13We know that we live in him and he in us, because he has given us of his Spirit. 14And we have seen and testify that the Father has sent his Son to be the Savior of the world. 15If anyone acknowledges that Jesus is the Son of God, God lives in him and he in God. 16And so we know and rely on the love God has for us.
God is love. Whoever lives in love lives in God, and God in him. 17In this way, love is made complete among us so that we will have confidence on the day of judgment, because in this world we are like him. 18There is no fear in love. But perfect love drives out fear, because fear has to do with punishment. The one who fears is not made perfect in love.

19We love because he first loved us. 20If anyone says, "I love God," yet hates his brother, he is a liar. For anyone who does not love his brother, whom he has seen, cannot love God, whom he has not seen. 21And he has given us this command: Whoever loves God must also love his brother.


This is something that I've been meditating upon a lot lately.   This is probably because, to be very honest, I struggle with hating Longview.  The old adage of a love-hate relationship is how I would describe my feelings about this town.  It has gotten better over the past year, but it's still hard.  I'm trying to move on by making a life here, though I think a root canal would be less painful.  But no pain, no gain, right?  What breaks you makes you stronger?  Why do these spurring words bring no comfort, nor encouragement?  Who but God knows ?! Sometimes we are just require to obey only to learn later the why, or sometimes we never find out.  Can you tell I've read through Job lately? :)  Though this makes me think perhaps the why is just so that we will have something to talk to God about in eternity.  Ha, ha...maybe so, maybe no!
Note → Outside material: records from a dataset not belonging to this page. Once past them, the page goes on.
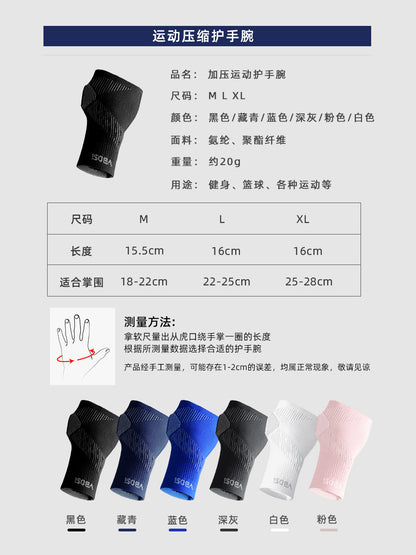Vbosi Sports Wrist Guards, Palm Protectors, Knitted Breathable Sports Outdoor Fitness Weightlifting Compression Tendon Sheath Protection Factory - image 5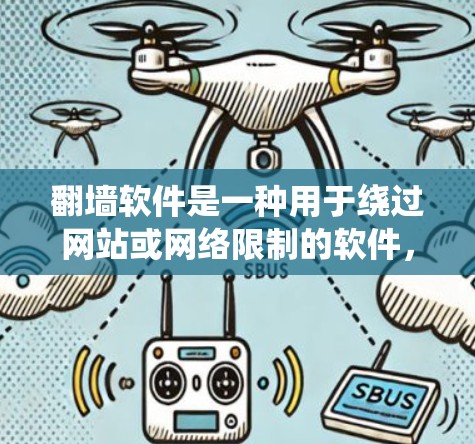 翻墙软件是一种用于绕过网站或网络限制的软件,允许用户访问网站内容。以下是对翻墙软件的总结和使用指南 翻墙软件是一种用于绕过网站或网络限制的软件,允许用户访问网站内容。以下是对翻墙软件的总结和使用指南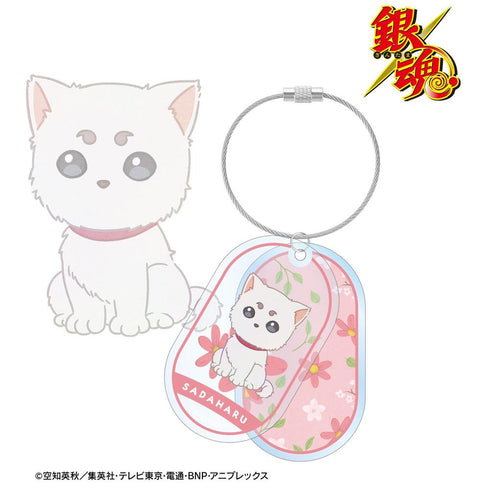 《銀魂》定春 Botania 雙連線大尺寸壓克力鑰匙圈【202603 再版】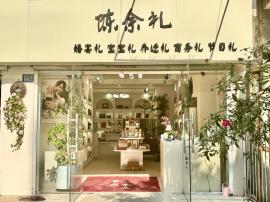 青山临街精装礼品婚庆店转让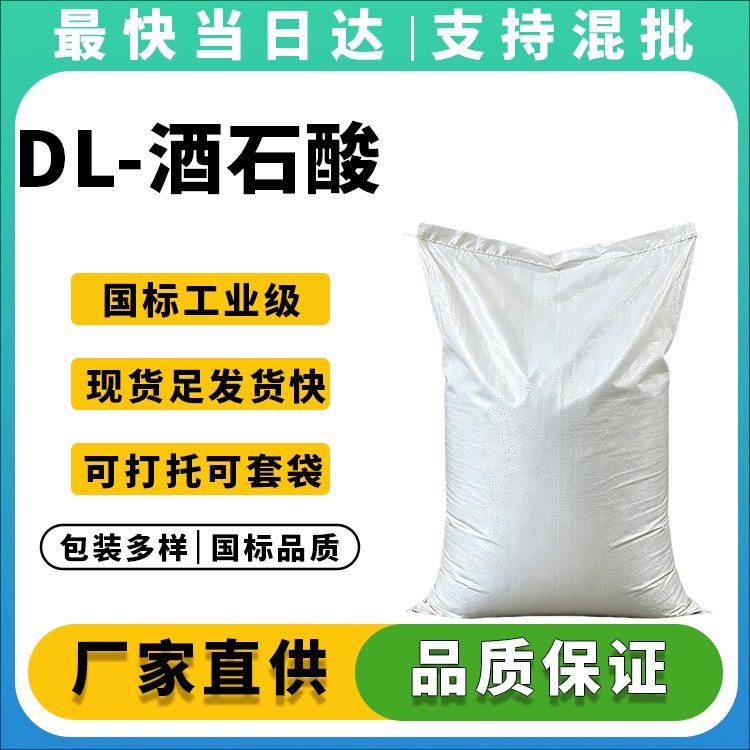 高纯度DL-酒石酸供应商_价格优惠_现货速发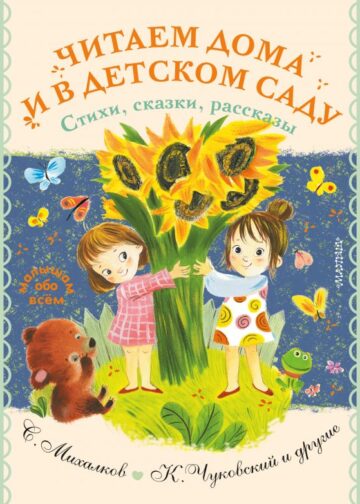 Читаем дома и в детском саду. Стихи, сказки, рассказы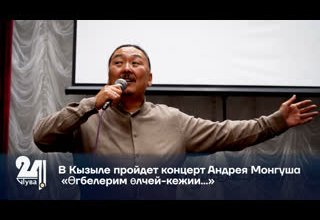 В Кызыле пройдет концерт Андрея Монгуша «Өгбелерим өлчей-кежии...»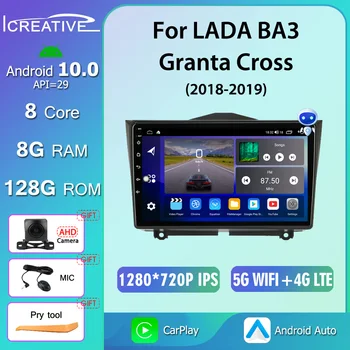 2 Din Android 10 Автомобильный Стерео Радио GPS Навигация Мультимедийный Видеоплеер CarPlay Экран QLED Для LADA BA3 Granta Cross 2018 2019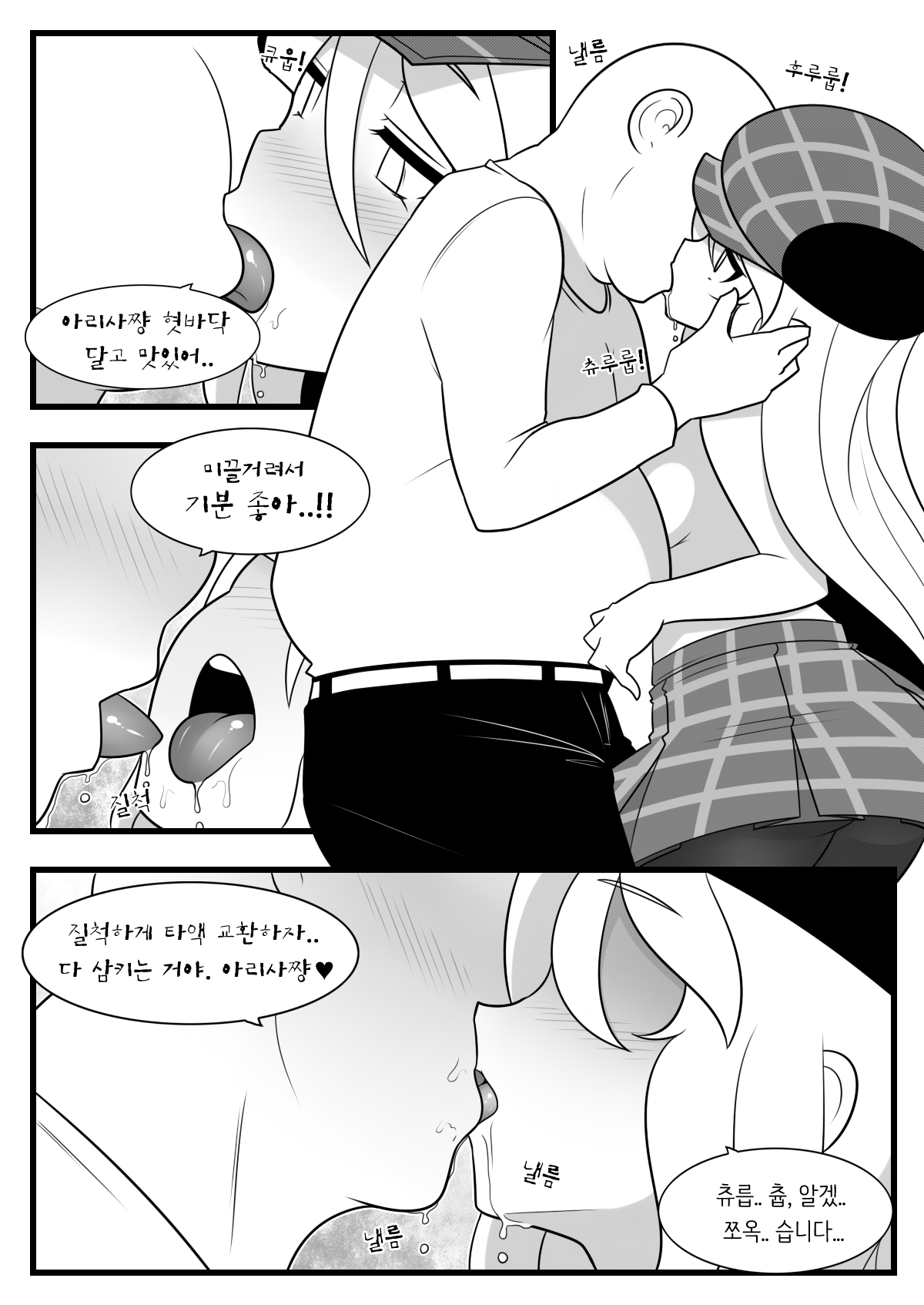 Commission Manhwa 18 page 6 full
Another aspect of this struggle, I believe, is the fact that the process of learning to be truly content where you're at is all about trusting God.  Yes, I do realize this isn't the most profound thing I've ever thought, but it is fundamental, as well as something that is often forgotten.  God gave me a passage almost 7 years ago.  Strangely enough it was a verse a girl in 8th grade showed me when I first became a Christian.  She wasn't one of my friends, just a girl in my math/science class.  She said, "Here, lemme see your Bible.  This is my favorite passage...Psalm 91."  I remember reading it and thinking, 'What in the world does that mean?'"  After God brought it to my attention 7 years ago I was lucky enough to have a study Bible, so I got it a little more this time around. 
It's a picture of trust, and what God is able to do in a trusting 
relationship.

So, as I start this blogging endeavor I thought it would be best to set my mind to express the meditations of my heart since I don't really have someone to share such thoughts with,
as well as the mere fact that I rarely get to show my pensive side to those I do know.  The life
of a nervous, socially awkward person, eh?